──────── Data for this exercise ────────
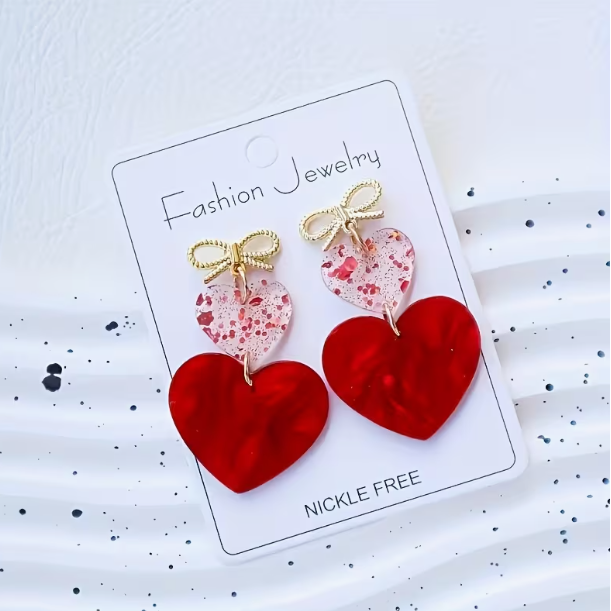 Red Heart and Bow Earrings image 0
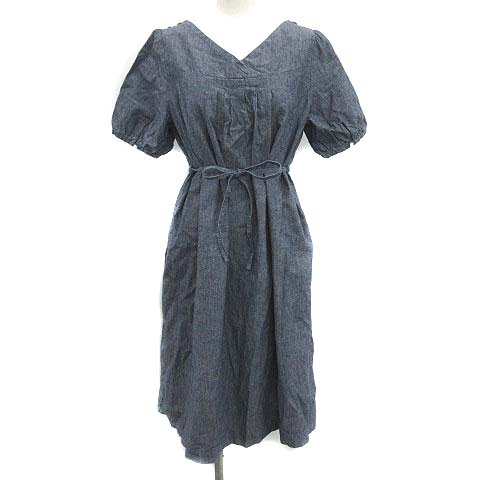 tres coton(トレコトン) トレコトン tres coton ワンピース ひざ丈 半袖 コットン 紺 ネイビー /YM レディース レディース 表記無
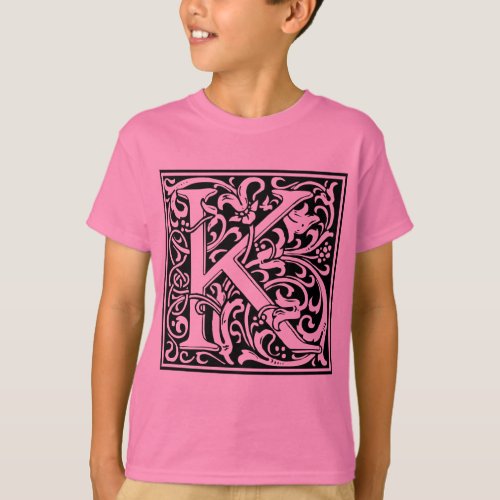 Letter K Medieval Monogram Art Nouveau T_Shirt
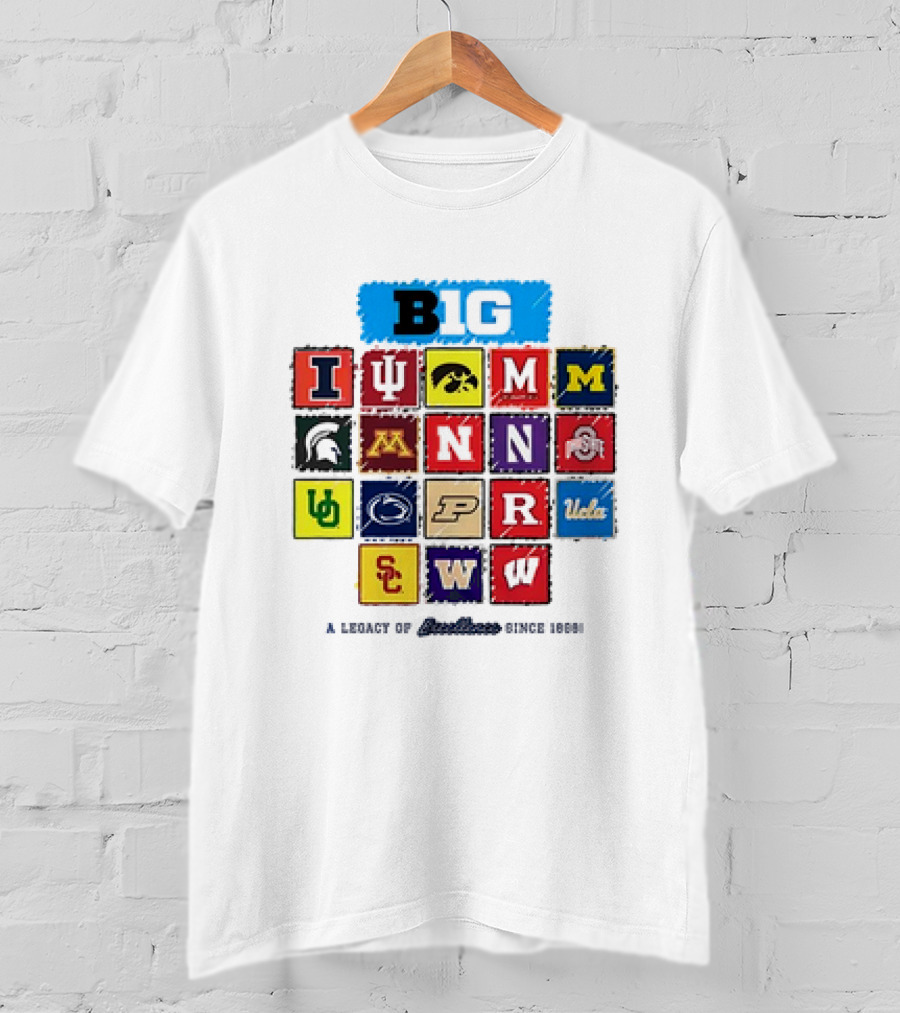 Big Ten Conference Logos Legacy Excellence Since 1888 T-Shirt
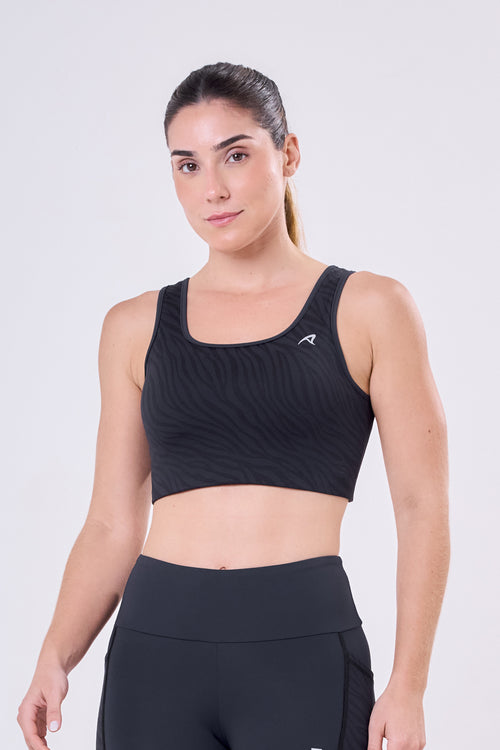 SIGNATURE SAMBA JACQUARD ZEBRA LUXE STRAIGHT SPORTS BRA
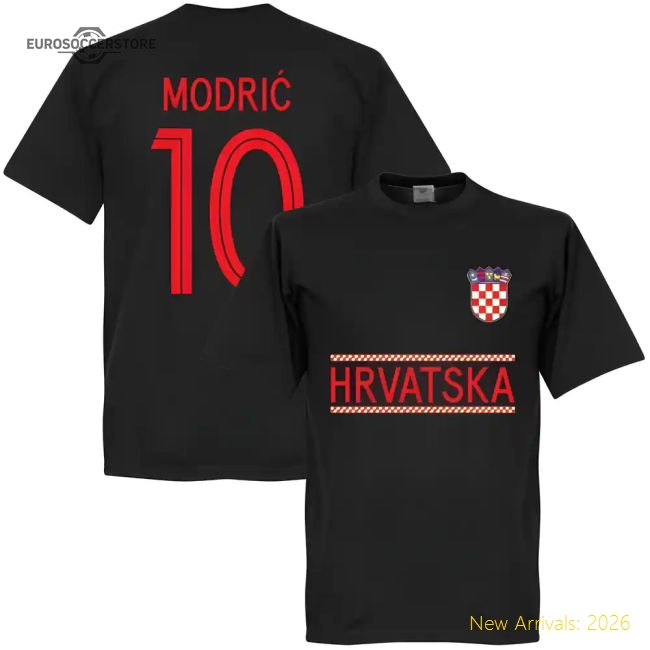 Croatia Modric 10 Team T-Shirt - Black-Football Shirts Shop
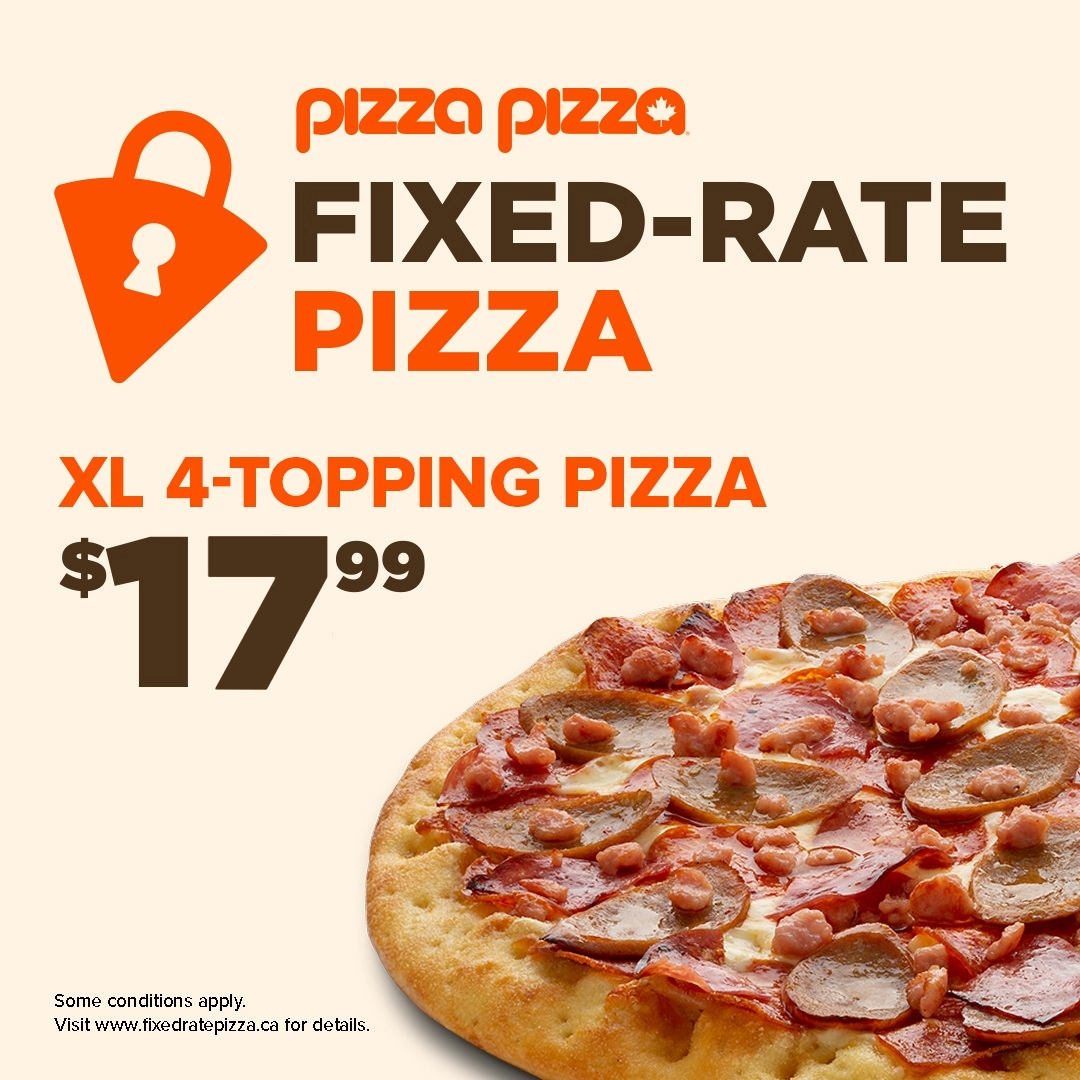 A pizza with a price tagDescription automatically generated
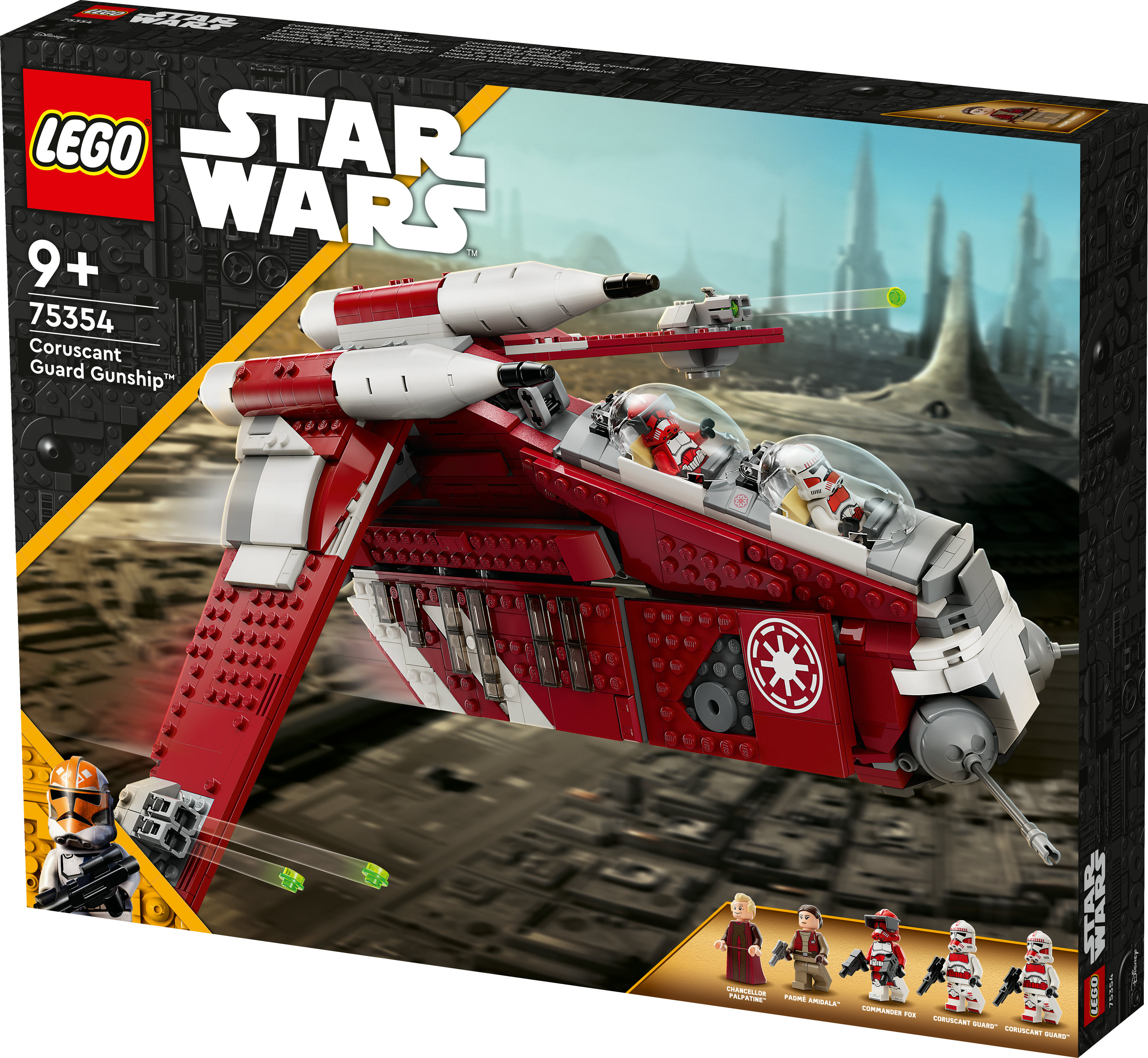 Pudełko zestawu Lego Star Wars przedstawia czerwoną i białą łódź z figurkami na tle miasta.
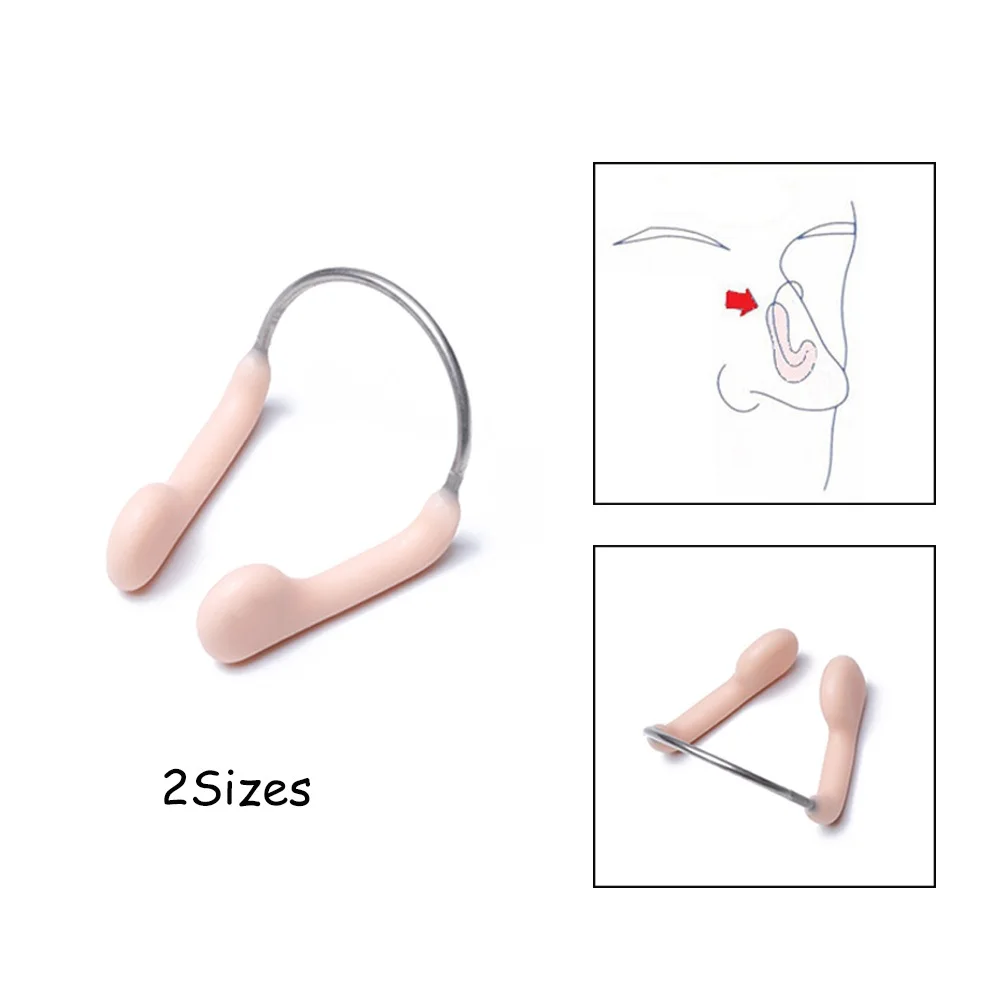 1Pc Durable No-skid Soft Silicone Steel Wire Nose Clip for Swimming Diving Swimming Nose Clip Water Sports Accessory Skin Color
────────
## Prompt
Since the pictures are not wanted, repeat only the rest of the material, exactly as given.

## Task response
 Red Heart and Bow Earrings image 0
 tres coton(トレコトン) トレコトン tres coton ワンピース ひざ丈 半袖 コットン 紺 ネイビー /YM レディース レディース 表記無
 Letter K Medieval Monogram Art Nouveau T_Shirt
 Big Ten Conference Logos Legacy Excellence Since 1888 T-Shirt
 SIGNATURE SAMBA JACQUARD ZEBRA LUXE STRAIGHT SPORTS BRA
 Croatia Modric 10 Team T-Shirt - Black-Football Shirts Shop
 A pizza with a price tagDescription automatically generated
 Pudełko zestawu Lego Star Wars przedstawia czerwoną i białą łódź z figurkami na tle miasta.
 1Pc Durable No-skid Soft Silicone Steel Wire Nose Clip for Swimming Diving Swimming Nose Clip Water Sports Accessory Skin Color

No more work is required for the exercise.